Workers process shrimps at a seafood plant in the Mekong Delta
Vietnam's efforts to repair its damaged seafood reputation after several rejections over quality concerns are not likely to end anytime soon as the industry is still divided over who must take responsibility for the fiasco.
The agriculture ministry in August 2011 issued a notice asking export companies to submit samples for testing before shipping besides performing their own regular tests on the input.
But nearly two years later, the measure has not been well received with exporters blaming the problem on farmers, according to a recent report in the Thoi bao Kinh te Saigon.
The companies say testing samples will not help improve seafood quality and hygiene, and that they do not want be the one fixing the problems created at seafood farms.
Figures from the ministry show that Vietnam has been leading the blacklist for poor quality seafood exporter to the EU, Japan and Canada for the past three years, compared to other exporters like Indonesia, China and Thailand.
In the last three years, the EU found 112 shipments from Vietnam with violations of antibiotic residues and other chemicals, while Japan listed 317.
Nguyen Hai Trieu, director of Gio Moi Seafood, an exporter in Ho Chi Minh City, cited these figures to show the ministry is barking up the wrong tree.
Trieu said the complaints are not about unhygienic processing at factories, but about the materials used by farmers.
"The regulation only taps the top of the problem," he said, adding that in order to be licensed to export seafood to big markets like Japan or the EU, companies already need to equip themselves with machines to analyze and control hygiene risks when processing.
Trieu said Japan has returned many shrimp shipments from Vietnam due to high residues of Ethoxyquin, an antioxidant used as a food preservative, and Trifluralin which is a pre-emergence herbicide, both coming from animal feed.
Phan Thanh Chien, general director of Hai Viet, a seafood exporter in the southern beach town of Vung Tau, also expressed unhappiness that the regulation targets exporters.
Chien said his company does not produce antibiotics, for example, or add them to the products, but had to spend VND9 billion (US$427,860) on quality checks last year, one-third of it on tests conducted by the ministry.
Chien said given the global competition, "the government should have helped with reducing our expenses."
Other members of the Vietnam Association of Seafood Exporters and Processors also say the ministry is creating more red tape that affects their competitiveness.
Nguyen Huu Dung, vice chairman of the association, said he supported the idea from the beginning, but businesses were not given many chances to discuss the measure before it was implemented.
The regulations were drafted by the ministry's National Agro-Forestry-Fisheries Quality Assurance Department (Nafiqad), the country's only agency monitoring and granting licenses for seafood imports and exports.
Dung said the regulations heavily affected the seafood industry, which is a major foreign currency earner, but Nafiqad only gave companies one week to comment on them and discussions lasted just over an hour.

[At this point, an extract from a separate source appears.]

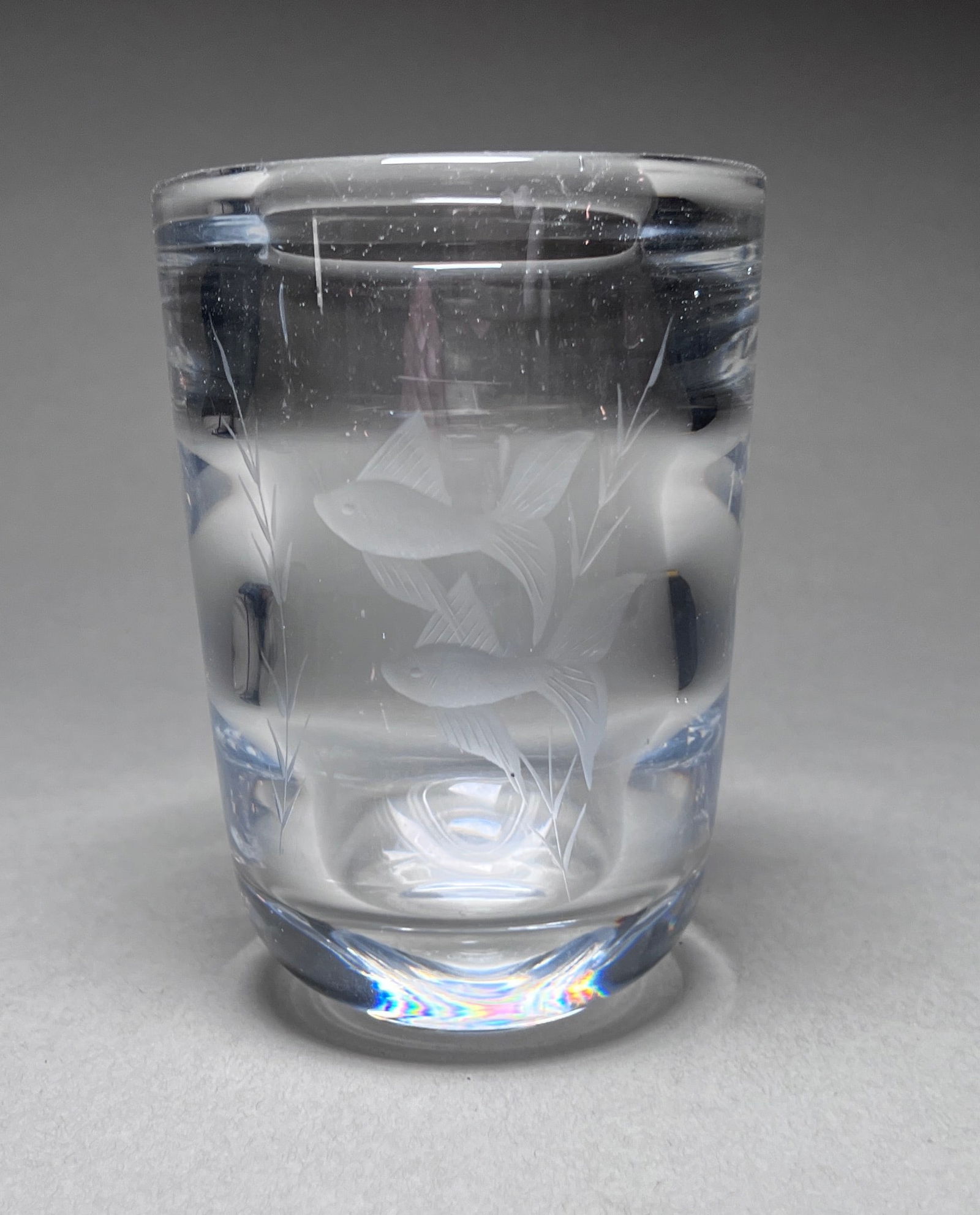 Modernist Glass Vase with Carved fish motifs by Orrefors, Sweden circa 1950's: Orrefors Glasbruk is a famous Swedish glassworks company known for its high-quality crystal and glass products. The company was founded in 1898 in the small village of Orrefors, located in the provinc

He noted that the department had spent more than 18 months writing the regulations, studying similar regulations in other countries.
Nguyen Nhu Tiep, head of the department, said he did not personally decide on the necessity of the tests or the number of tests that need to be done. He had ordered them based on foreign customers' demands.

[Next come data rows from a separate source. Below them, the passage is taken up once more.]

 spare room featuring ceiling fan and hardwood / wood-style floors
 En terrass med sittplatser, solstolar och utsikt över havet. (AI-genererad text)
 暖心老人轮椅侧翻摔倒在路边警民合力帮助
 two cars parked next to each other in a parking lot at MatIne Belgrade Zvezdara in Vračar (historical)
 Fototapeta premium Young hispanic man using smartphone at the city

"As long as a company's shipments show improvement, I would reduce the tests required on its other products," Tiep said.
But former deputy agriculture minister Nguyen Thi Hong Minh also said focusing on the exporters is not effective management.
"The processing stage at companies is pretty alright now, so I think the ministry should shift its focus to fishing and farming activities to solve the problem at its root," Minh told Thoi bao Kinh te Saigon.
She said that when she was still in office in 2007, the ministry had received support from many Danish government projects to train farmers breeding fish to adopt safety practices.
The projects organized farmers into cooperatives and thus made it easy to supervise them, she said.
"But now after many years, I look at it and see that things have gone back to the situation where farmers breed whatever they want, and use whatever animal feed and chemicals they want."